Sakamoto Yusuke, Fujikawa Takahisa, Tanaka Akira
Department of Surgery, Kokura Memorial Hospital, 3-2-1 Asano, Kokurakita-ku, Kitakyushu, Fukuoka, 802-8555, Japan.
Surg Case Rep. 2017 Dec;3(1):78. doi: 10.1186/s40792-017-0352-9. Epub 2017 Jun 19.
Anatomical variations of hepatic arteries may be problematic in pancreaticoduodenectomy (PD). We experienced pancreatic head cancer in a patient with rare variation of hepatic artery and performed PD successfully with the resection of this artery. A 75-year-old woman showed pancreatic head tumor on CT. Preoperative CT detected rare variation of hepatic artery; posterior segmental branch of right hepatic artery (RHA-PB) originating from posterior inferior pancreaticoduodenal artery. The image also demonstrated that there was a junction between RHA-PB and anterior branch of right hepatic artery (RHA-AB). We performed PD for suspected pancreatic head cancer. We divided RHA-PB for complete resection of cancer because we preoperatively knew that there was the junction between RHA-PB and RHA-AB. She was discharged uneventfully, and there was no evidence of local recurrence throughout the whole course. Careful preoperative assessment of hepatic blood supply is the key to perform successful PD even in this troublesome situation.

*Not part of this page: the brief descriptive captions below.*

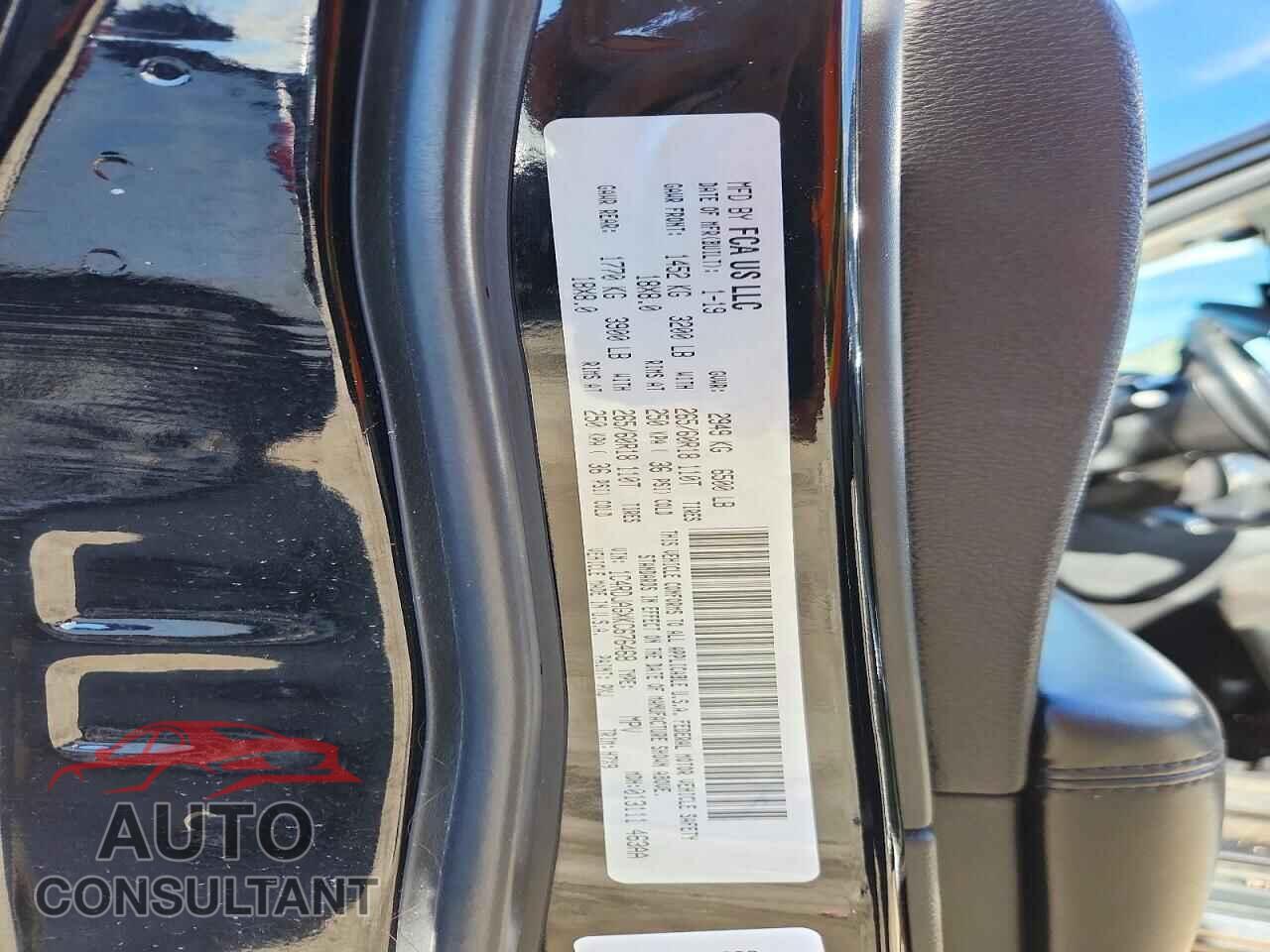 DODGE DURANGO 2019 - 1C4RDJAGXKC676468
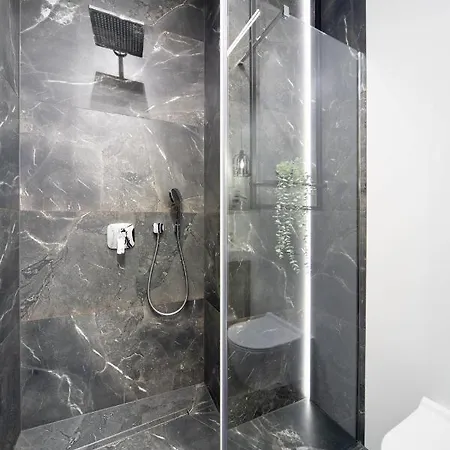 公寓 Jacuzzi Main Square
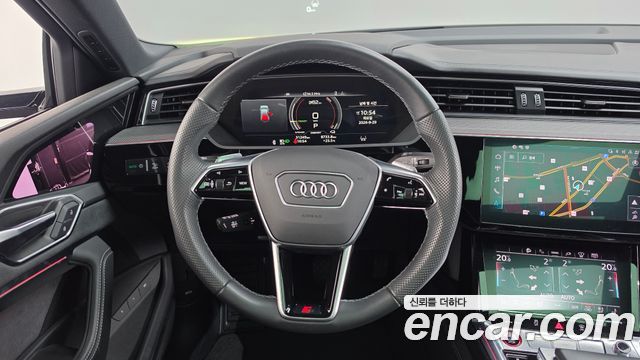 Audi e-tron 2023 — photo 18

肝动脉的解剖变异在胰十二指肠切除术(PD)中可能会带来问题。我们遇到一名患有罕见肝动脉变异的胰头癌患者,并成功地对该动脉进行了切除后实施了PD手术。一名75岁女性在CT检查中显示有胰头肿瘤。术前CT检测到肝动脉存在罕见变异;右肝动脉后段分支(RHA-PB)起源于胰十二指肠后下动脉。图像还显示RHA-PB与右肝动脉前支(RHA-AB)之间存在连接。我们对疑似胰头癌患者实施了PD手术。由于术前知道RHA-PB与RHA-AB之间存在连接,所以我们将RHA-PB进行了分离以完整切除肿瘤。她顺利出院,在整个病程中均无局部复发迹象。即使在这种棘手的情况下,术前仔细评估肝脏血供也是成功实施PD手术的关键。